Rethinking the Way We Study Talmud
The majority of male Yeshiva University undergraduate students spend the first portion of their day studying Talmud. The Mazer School of Talmudic Studies (MYP) and the Irving I. Stone Beit Midrash Program (SBMP) combined account for over sixty-seven percent of the student body, and many students enrolled in the Isaac Breuer College of Hebraic Studies (IBC) and the James Striar School (JSS) are involved with some form of daily Talmud study. These students, for the most part, learn Talmud in the same shiur-based style that they were taught in high school and in yeshiva in Israel.
The creation of an academic Talmudic Studies requirement, however, could complement the morning programs in pursuit of my understanding of our university’s goal, to promote a secular understanding of topics as well as a religious one. While almost all shiurim in MYP and SBMP employ classical methods of discourse to Talmud study, be they pilpul or brisker, few ask many of the questions that would be covered in a corresponding academic Talmudic Studies course. This gap in the education of a typical male Yeshiva University undergraduate student is staggering; a student who spends three years exclusively in the MYP program can spend upwards of 2,500 hours learning nothing about the fundamental questions that should plague us when we approach the Talmud.

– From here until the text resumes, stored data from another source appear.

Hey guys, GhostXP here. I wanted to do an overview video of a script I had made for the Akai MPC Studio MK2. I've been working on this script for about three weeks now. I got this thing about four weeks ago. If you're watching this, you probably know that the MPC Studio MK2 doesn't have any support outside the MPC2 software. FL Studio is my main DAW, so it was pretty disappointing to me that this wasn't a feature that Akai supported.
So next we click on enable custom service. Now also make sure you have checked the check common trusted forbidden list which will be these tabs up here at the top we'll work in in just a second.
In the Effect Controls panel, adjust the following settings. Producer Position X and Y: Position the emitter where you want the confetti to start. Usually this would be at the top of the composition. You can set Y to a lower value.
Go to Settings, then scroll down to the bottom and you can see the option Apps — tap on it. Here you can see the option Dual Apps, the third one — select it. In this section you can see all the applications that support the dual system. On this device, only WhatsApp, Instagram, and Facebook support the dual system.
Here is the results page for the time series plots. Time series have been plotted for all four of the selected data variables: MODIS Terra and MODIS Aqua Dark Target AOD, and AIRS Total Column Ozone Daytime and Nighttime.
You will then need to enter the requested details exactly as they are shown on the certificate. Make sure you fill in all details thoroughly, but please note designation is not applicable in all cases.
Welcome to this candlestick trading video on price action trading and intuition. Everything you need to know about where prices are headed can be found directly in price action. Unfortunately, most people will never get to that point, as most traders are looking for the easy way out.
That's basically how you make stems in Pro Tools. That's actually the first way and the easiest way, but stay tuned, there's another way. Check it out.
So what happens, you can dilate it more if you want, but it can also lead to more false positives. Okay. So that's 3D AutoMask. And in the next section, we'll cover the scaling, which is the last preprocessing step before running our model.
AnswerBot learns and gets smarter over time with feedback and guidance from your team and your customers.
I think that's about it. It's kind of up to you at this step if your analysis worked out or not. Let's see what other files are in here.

Should we assume consistency of opinion between mesechtot of the Talmud? Should we assume consistency of opinion within a single mesechet? If so, when and why? Can we deduce large amounts of information from fine variations in textual grammar or word choice, or “make a diyyuk” in the terms of those who frequent the beis medresh?
I don’t know the answers to these questions. I would wager that few MYP and SBMP students do. But the shiurim in our yeshiva are based so fundamentally on the answers to these questions that we never stop to ask ourselves why we make these assumptions. Many MYP shiurim spend days solving contradictions between statements in different mesechtot of the Talmud without researching the editing process that created those statements. Some shiurim use diyyukim to extract meaning from Talmudic texts, but it is unclear whether Talmudic grammar can be said to be intentional or meaningful.
Creating an academic Talmudic Studies requirement would solve this issue. In the fashion of the introductory Bible requirement, students could be exposed to the “big questions” within the field of Talmud study, and shown some of the common approaches towards answering those questions. Whether for good or bad, we spend almost no time daily on the study of Tanakh, yet every YC student is required to take three academic Bible Studies courses. Wouldn’t it be fair to have at least one required course that deals with the Talmud, arguably the text most important to the modern-day Orthodox Jewish community?
One of the four main course subjects at the Bernard Revel Graduate School is Talmudic Studies. If the university is comfortable with offering such courses at Revel, then there should be few barriers, either practical or ideological, that would stop such a course from being offered on the undergraduate level as well. While a few Jewish Studies majors may be exposed to the type of course material that I am describing, the relevance of an academic Talmudic Studies course is not limited to those who make Jewish Studies the focus of their education.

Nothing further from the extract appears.